Após a celebração do acordo, o Termo de Conciliação será apresentado ao Poder Judiciário brasileiro e a organismos internacionais para o encerramento de litígios que envolvam a titulação do território quilombola de Alcântara, como em processos movidos pelas comunidades quilombolas de Alcântara na Corte Interamericana de Direitos Humanos (Corte IDH) e na Organização Internacional do Trabalho (OIT).
Reconhecimento
Em abril de 2023, o Estado brasileiro reconheceu, de forma oficial, a violação dos direitos de propriedade e de proteção jurídica das comunidades quilombolas de Alcântara. O posicionamento do Estado Brasileiro foi manifestado pelo advogado-geral da União, Jorge Messias, durante audiência pública da Corte Interamericana de Direitos Humanos (Corte IDH), em Santiago, no Chile.
A nova posição brasileira passou a refletir as diretrizes do atual governo de buscar uma solução definitiva para a questão que assegure os direitos das comunidades ao território e, ao mesmo tempo, possibilite a continuidade do Programa Espacial Brasileiro, por meio do desenvolvimento do Centro de Lançamento da Alcântara.
Como tudo começou
O Centro de Lançamento de Alcântara foi criado em 1983, portanto antes da promulgação da Constituição Federal de 1988, que reconheceu os direitos das comunidades quilombolas à titulação de suas terras. Nessa área viviam desde o início do século XVIII, de quando datam os primeiros registros administrativos sobre quilombos na região, comunidades negras rurais, posteriormente reconhecidas como comunidades quilombolas.
Em 1986 teve início o processo de deslocamento das famílias que viviam na área litorânea desapropriada, que foram reinstaladas em agrovilas rurais criadas no interior do município.
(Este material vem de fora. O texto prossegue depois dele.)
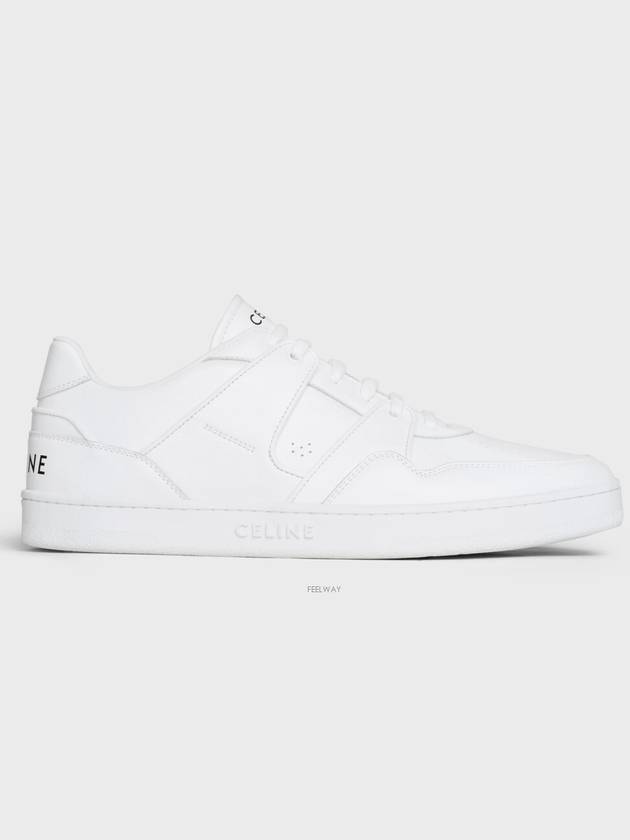 Men's Lace Up Calfskin Low-Top Sneakers Optic White - CELINE - BALAAN 5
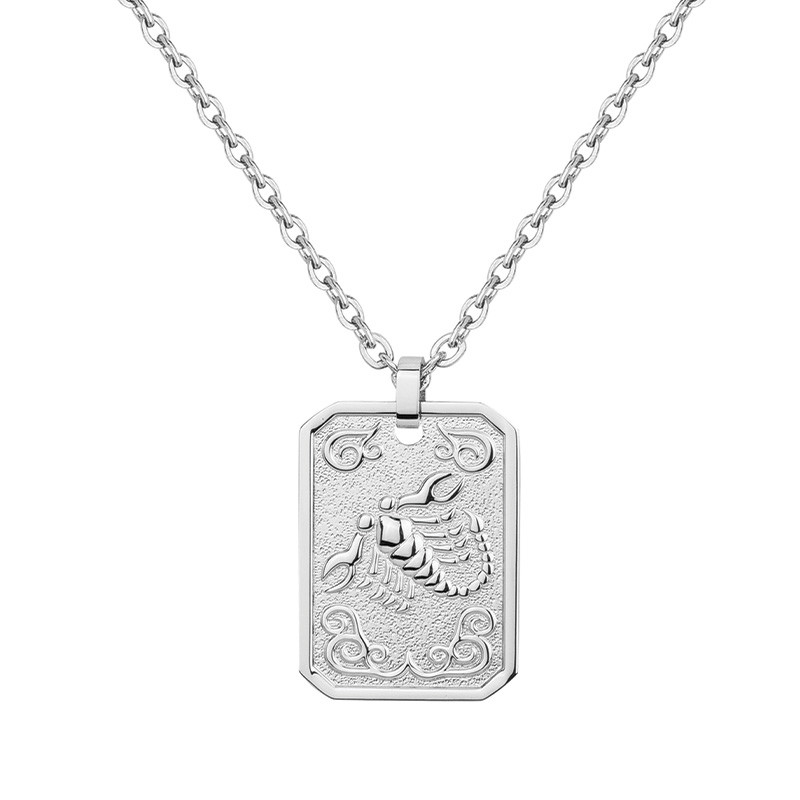Collier Zodiaque Scorpion Argent Phebus Homme en Acier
Foram realocadas 312 famílias, que se dividiam em 32 comunidades.
Em 2008 foi concluído o trabalho técnico de delimitação do território quilombola. O Relatório Técnico de Identificação e Delimitação (RTID) reconheceu uma área de 78 mil hectares onde viviam, aproximadamente, 152 comunidades quilombolas certificadas pela Fundação Cultural Palmares, totalizando cerca de 3.350 famílias. O RTID excluiu do território quilombola a área de 9 mil hectares ocupada desde a década de 1980 pelo Centro de Lançamento de Alcântara.
O RTID consiste nos trabalhos realizados para identificar e delimitar o território reivindicado pelos remanescentes das comunidades dos quilombos. O relatório aborda informações cartográficas, fundiárias, agronômicas, ecológicas, geográficas, socioeconômicas, históricas e antropológicas.
Após a publicação do RTID, o Ministério da Defesa declarou a existência de interesse do Programa Espacial Brasileiro na utilização de 12 mil hectares situados na faixa litorânea ao norte do CLA, visando à expansão futura da área de lançamentos.
Como o acordo foi possível
Em abril de 2023 foi criado o Grupo de Trabalho Interministerial - GTI Alcântara, com o objetivo de mediar a conciliação entre as partes, de forma a garantir os direitos das comunidades quilombolas e ao mesmo tempo permitir o desenvolvimento do Programa Espacial Brasileiro.
As negociações do GTI Alcântara foram lideradas pela Advocacia-Geral da União (AGU). O grupo era composto por representantes dos ministérios do governo federal e por representantes das comunidades quilombolas. O grupo realizou seis reuniões presenciais, incluindo uma visita a Alcântara. Os trabalhos do GTI foram fundamentais para gerar os subsídios que levaram à assinatura do acordo na data de hoje.
Cooperação técnica
Na mesma ocasião, o advogado-geral da União, Jorge Messias, também firmou cooperação técnica com o Tribunal Regional Federal da 1ª Região e com o Tribunal de Justiça do Maranhão, para instituir grupo de trabalho com o objetivo de promover a solução consensual de conflitos dessa natureza no município de Alcântara, envolvendo povos tradicionais.